§ Task description: Please write out exactly the line containing "Silhouette of cross" below and every line after it, through the last one, but leave out any pictures.

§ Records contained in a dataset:
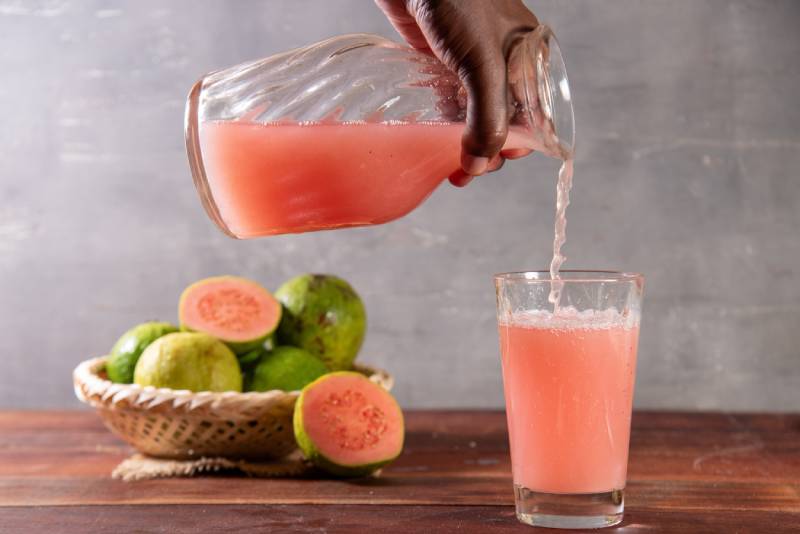 Jug of guava juice on rustic wooden table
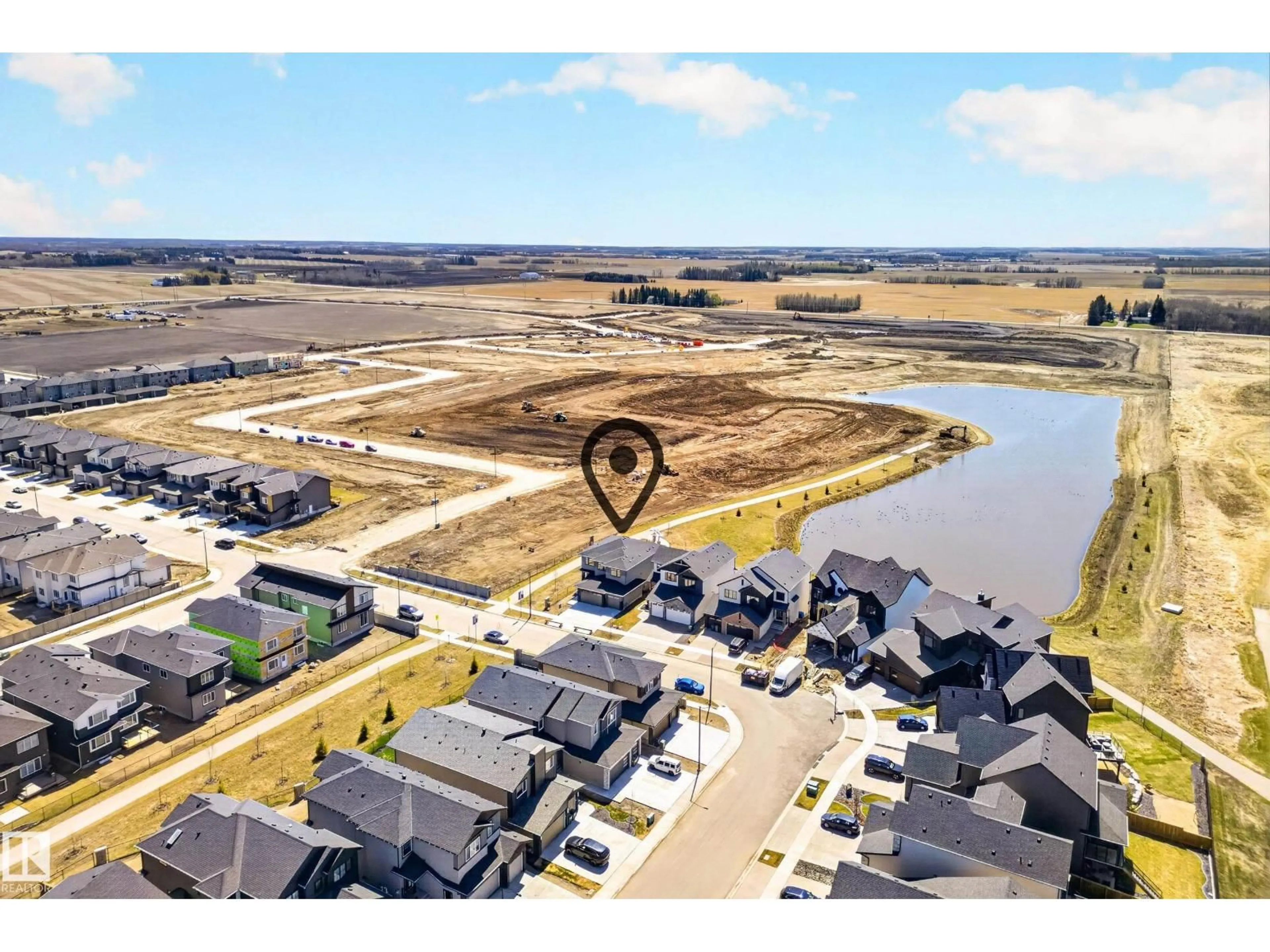 A pic from outside/outdoor area/front of a property/back of a property/a pic from drone, water/lake/river/ocean view for 4005 40 AV, Beaumont Alberta T4X3C1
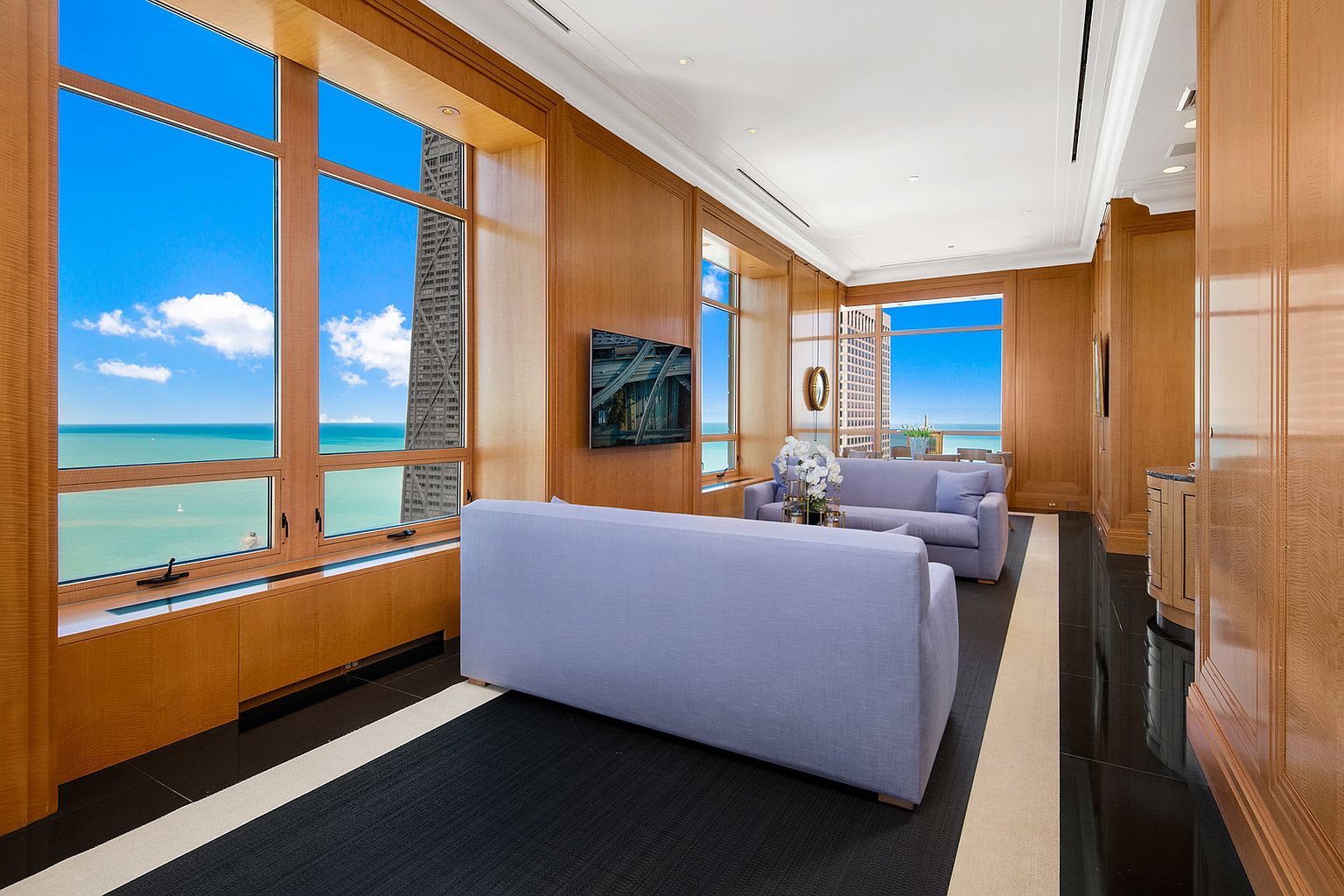 This is a luxurious living room featuring wood paneling, large windows with stunning water and city views, and elegant furnishings. The room is decorated in a sophisticated style with a neutral color palette, creating a serene and upscale atmosphere. The black and white striped rug adds a modern touch to the classic design.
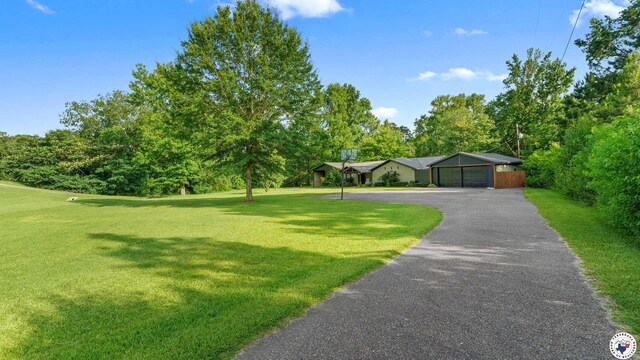 525 Longhorn Rd, Maud, TX 75567 - view of front of home with a front lawn, view of scattered trees, and a detached garage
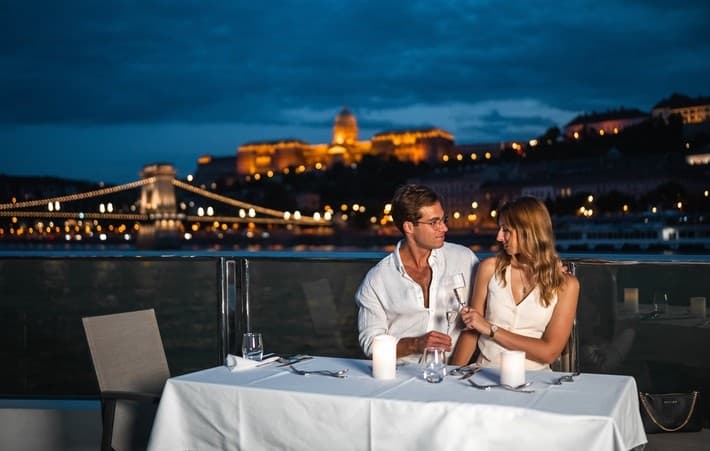Couple dining on Danube terrace with Chain Bridge and Buda Castle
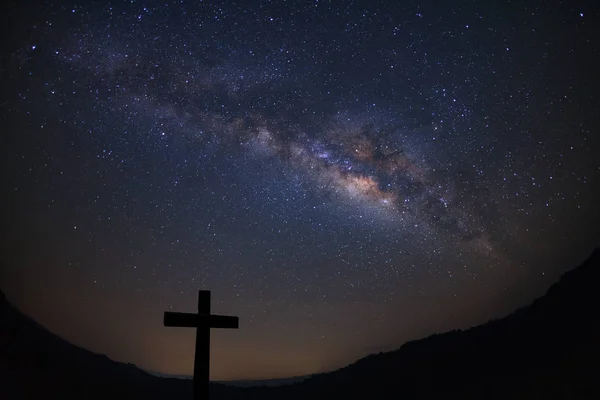 Silhouette of cross over milky way background,Long exposure phot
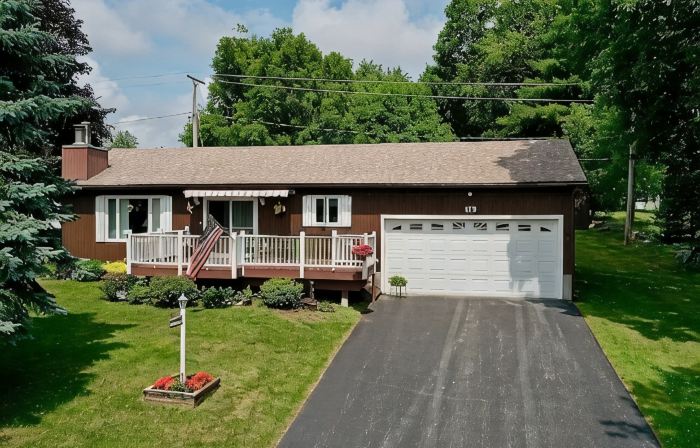 Cozy lake view home, centrally located with lake access and private dock!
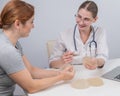 Caucasian woman and plastic surgeon touching and choosing breast implants. Royalty Free Stock Photo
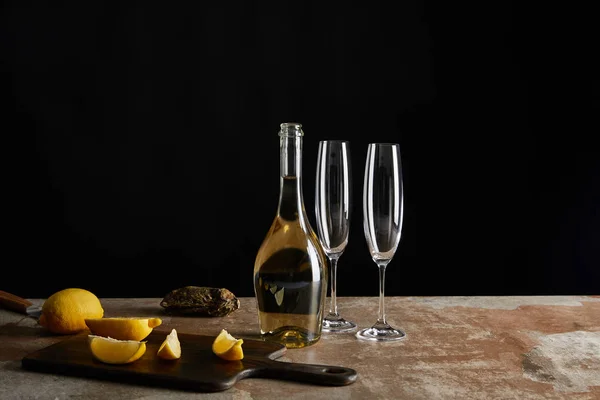 Deliciosa ostra en cáscara cerca de limones y botella con vino espumoso aislado en negro - foto de stock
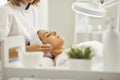 Cosmetologist cleaning womans face with cotton pads in beauty salon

§ Result:
 Silhouette of cross over milky way background,Long exposure phot
 Cozy lake view home, centrally located with lake access and private dock!
 Caucasian woman and plastic surgeon touching and choosing breast implants. Royalty Free Stock Photo
 Deliciosa ostra en cáscara cerca de limones y botella con vino espumoso aislado en negro - foto de stock
 Cosmetologist cleaning womans face with cotton pads in beauty salon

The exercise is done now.